▶ [MATERIAL SUPPLIED]:
++++
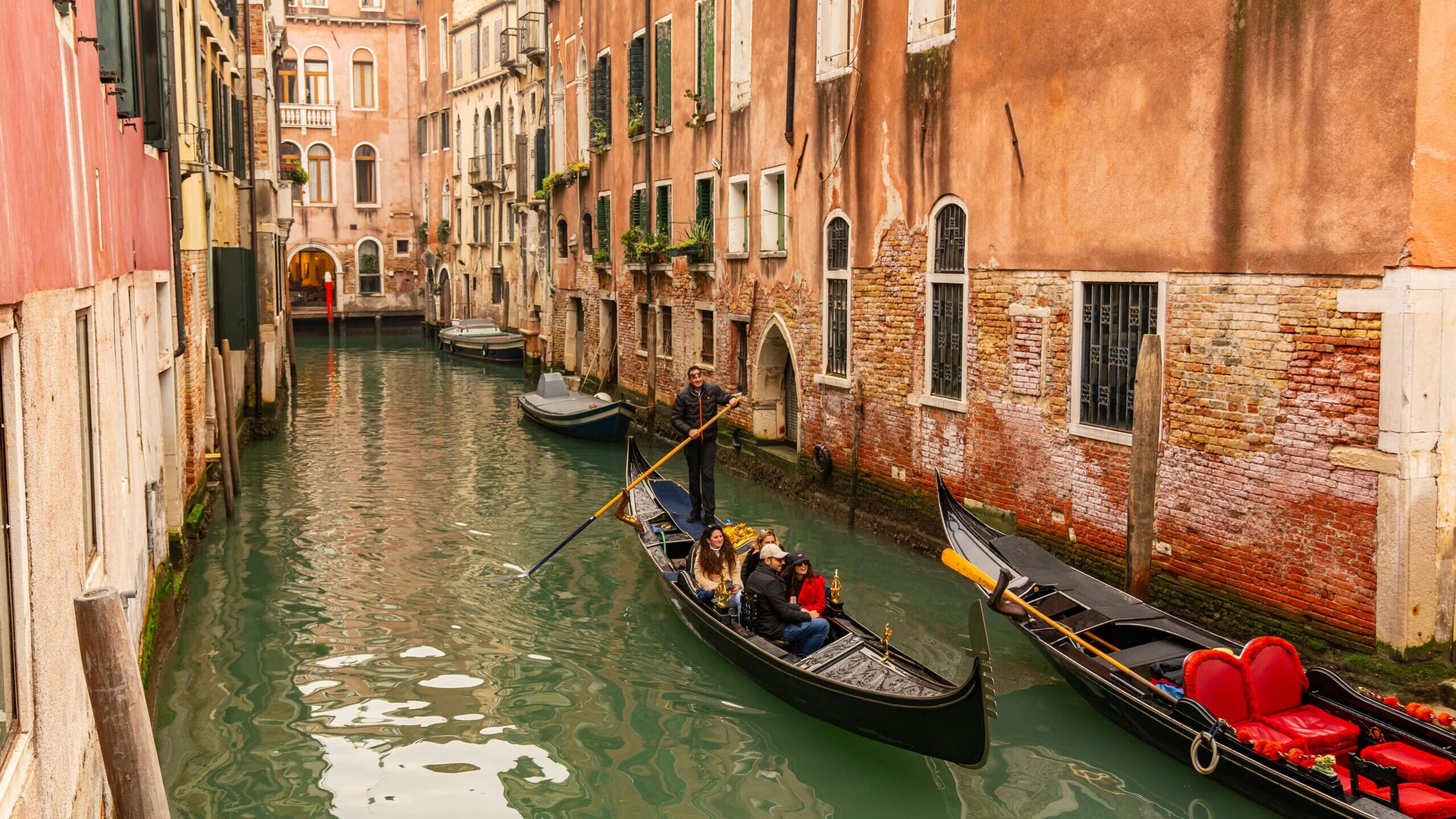 Gondolas on a charming Venetian canal surrounded by historic architecture in Venice, Italy.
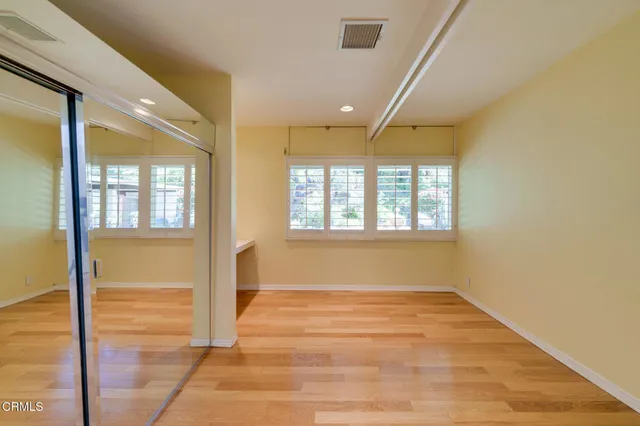 a bathroom with a sink a mirror and shower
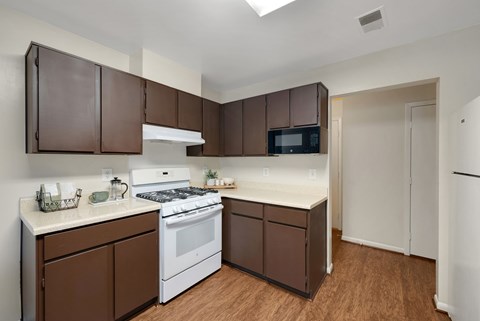 A kitchen with brown cabinets and white appliances.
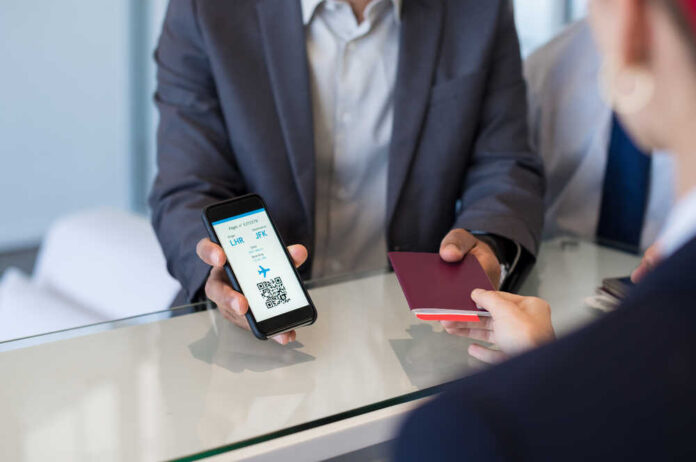 Closeup,Hand,Of,Man,Showing,Flight,Ticket,To,Staff,On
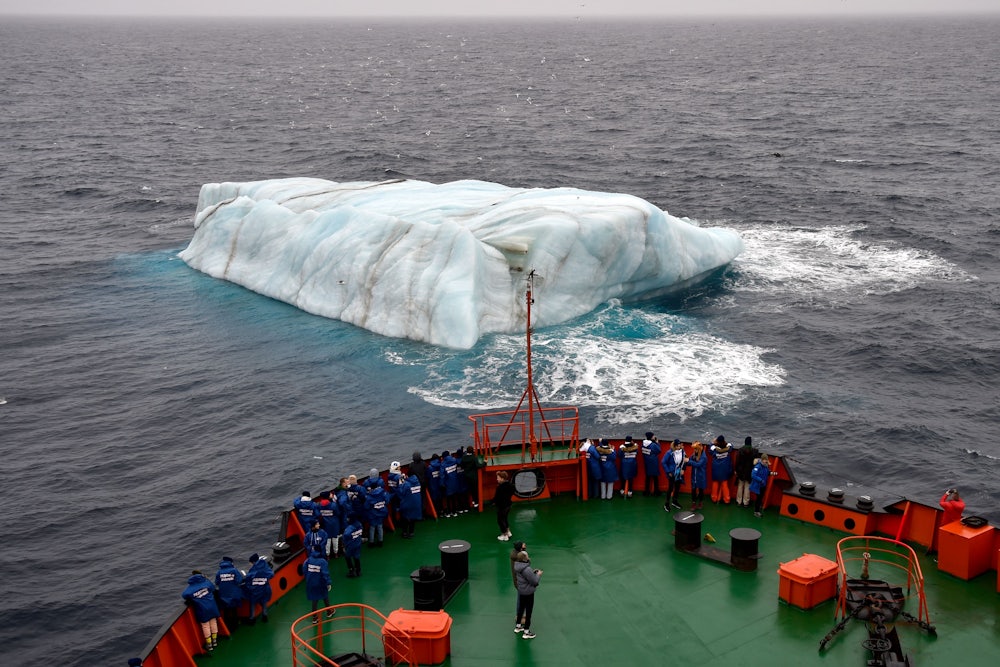People stand on the deck of a ship, looking at an iceberg in the water.
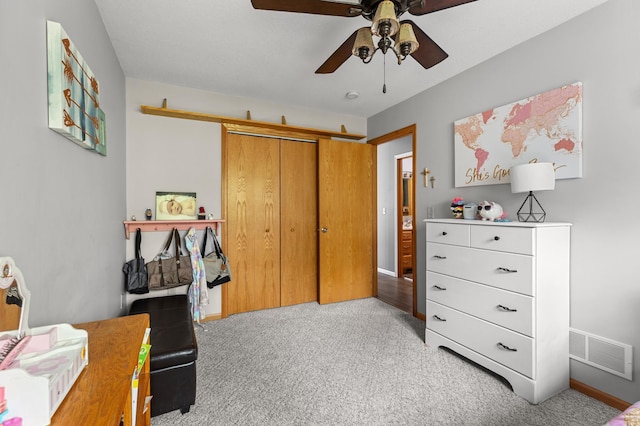 14465 Blackberry Ct, Baxter, MN 56425 - carpeted bedroom with a closet, baseboards, and a ceiling fan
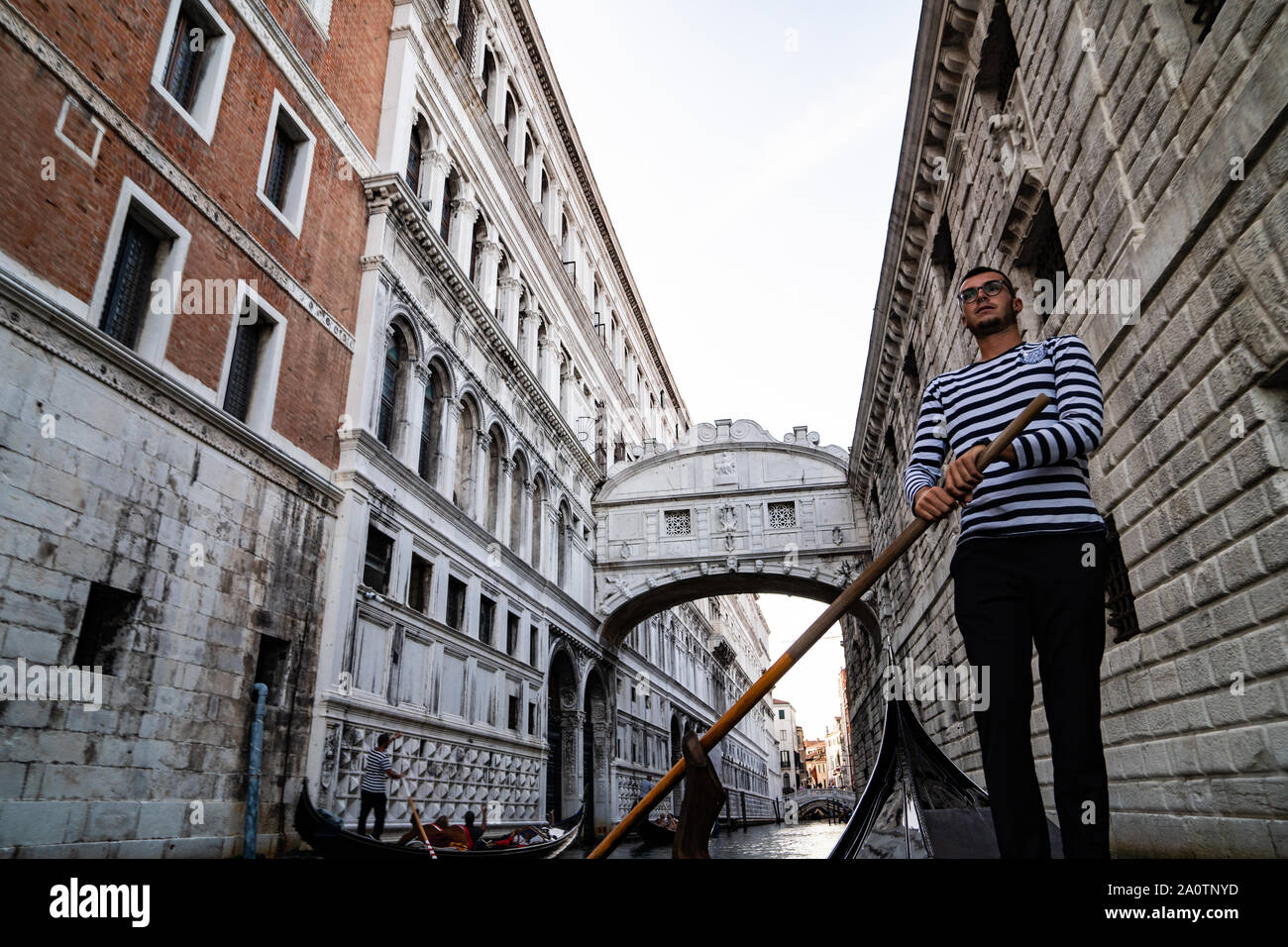 Gondolier sur une gondole sous le pont des soupirs (Ponte dei Sospiri), sur le rio di Palazzo, Venise, Italie Banque D'Images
++++
▶ [GOAL OF THE EXERCISE]:
Give again, word for word, the lines from the one containing "A kitchen with" through the last line of the entries, with pictures omitted and nothing added.

▶ [ANSWER]:
 A kitchen with brown cabinets and white appliances.
 Closeup,Hand,Of,Man,Showing,Flight,Ticket,To,Staff,On
People stand on the deck of a ship, looking at an iceberg in the water.
 14465 Blackberry Ct, Baxter, MN 56425 - carpeted bedroom with a closet, baseboards, and a ceiling fan
 Gondolier sur une gondole sous le pont des soupirs (Ponte dei Sospiri), sur le rio di Palazzo, Venise, Italie Banque D'Images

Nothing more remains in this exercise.